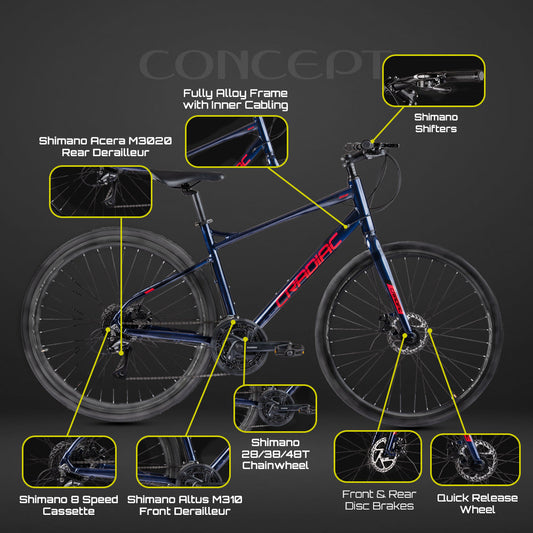 Why Everyone’s Talking About the Cradiac Concept – Shimano Gear Set & 24-Speed Power!
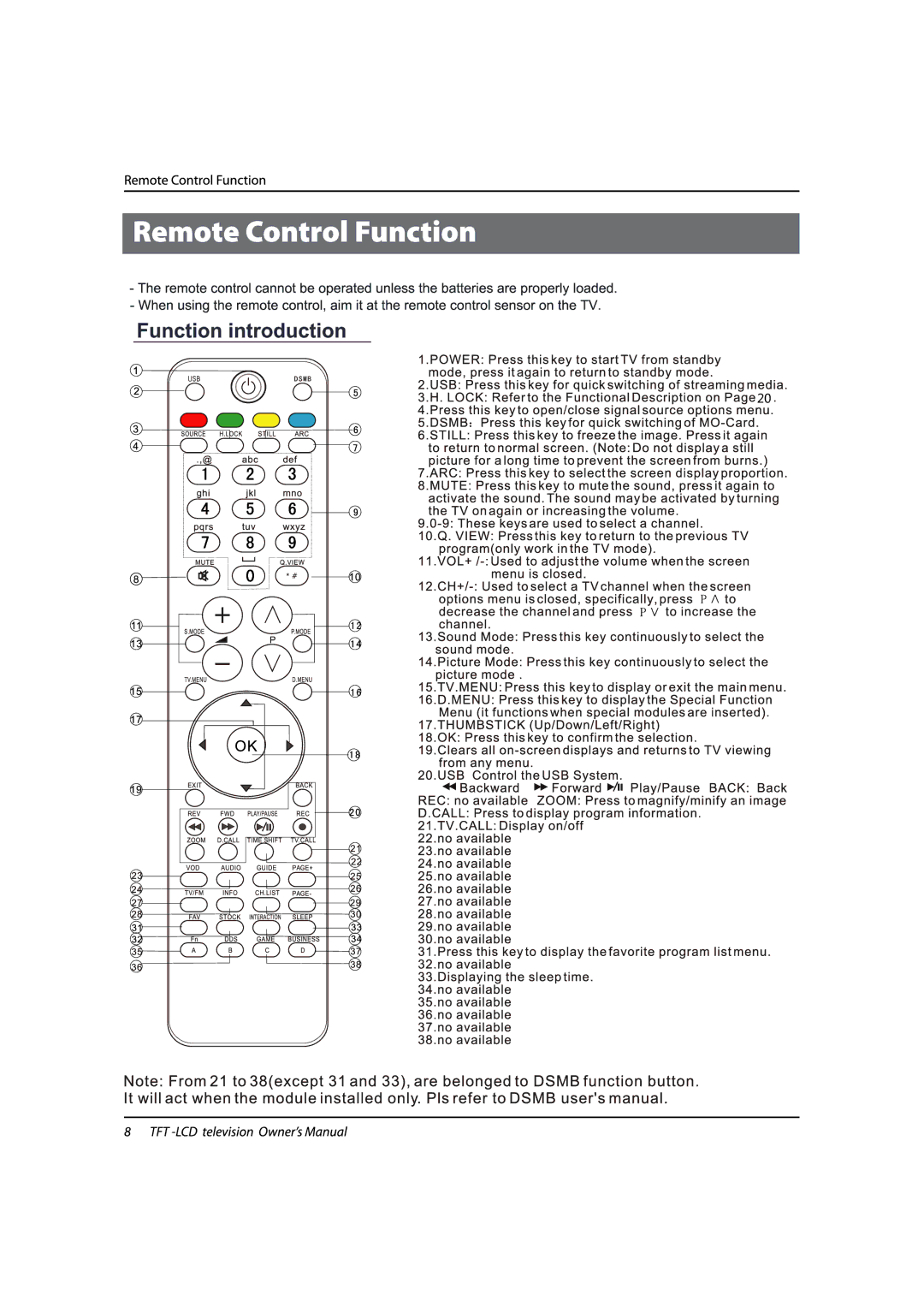 Haier LS42T3, LS47T3 manual 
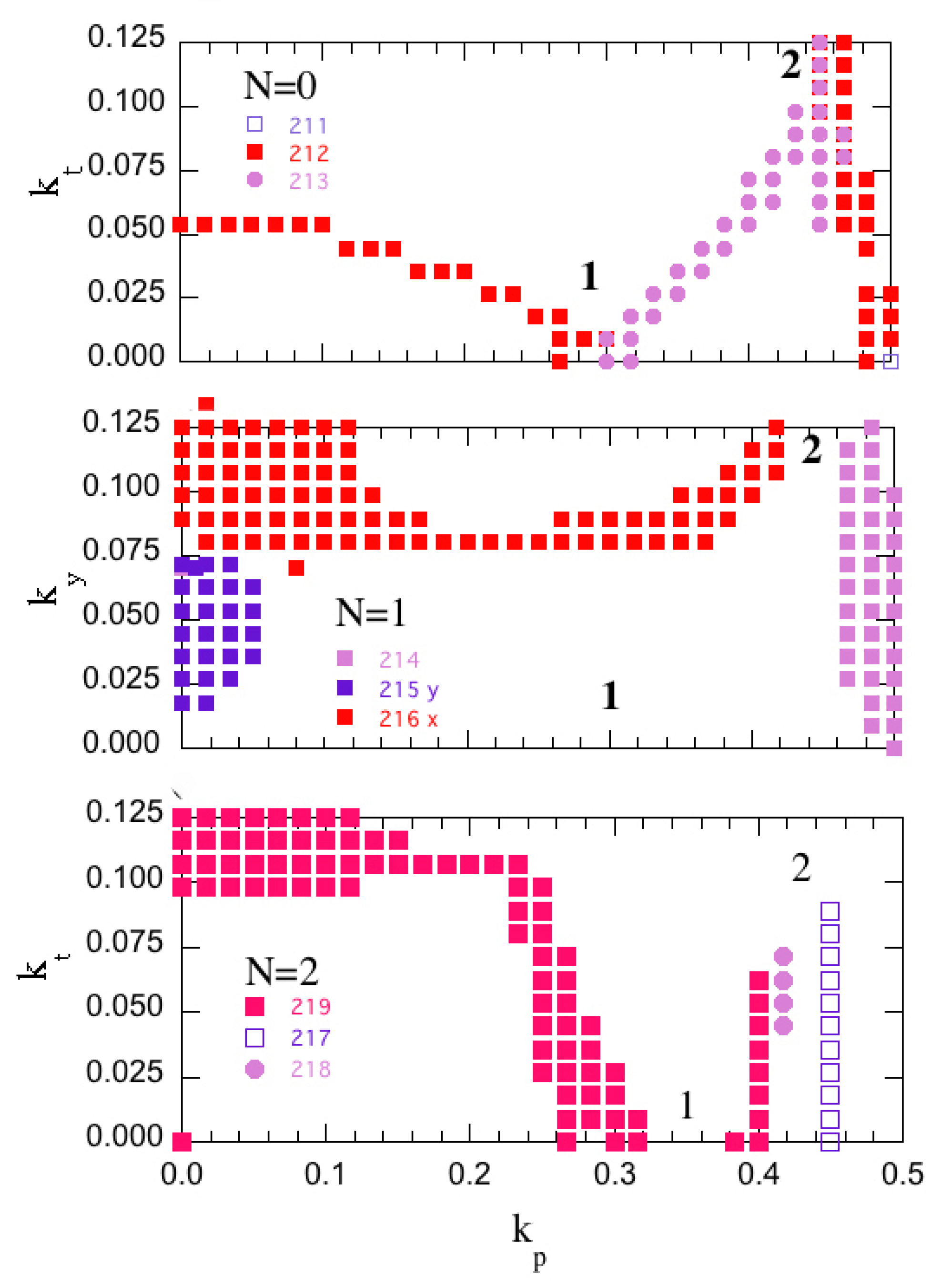 Condensed Matter Free Full Text Multiple Electronic Components And Lifshitz Transitions By Oxygen Wires Formation In Layered Cuprates And Nickelates Html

= = = =

### Your task
Keeping every word as it is, write out all the data and omit the pictures.

### Task solution
 Why Everyone’s Talking About the Cradiac Concept – Shimano Gear Set & 24-Speed Power!
 Haier LS42T3, LS47T3 manual 
 Condensed Matter Free Full Text Multiple Electronic Components And Lifshitz Transitions By Oxygen Wires Formation In Layered Cuprates And Nickelates Html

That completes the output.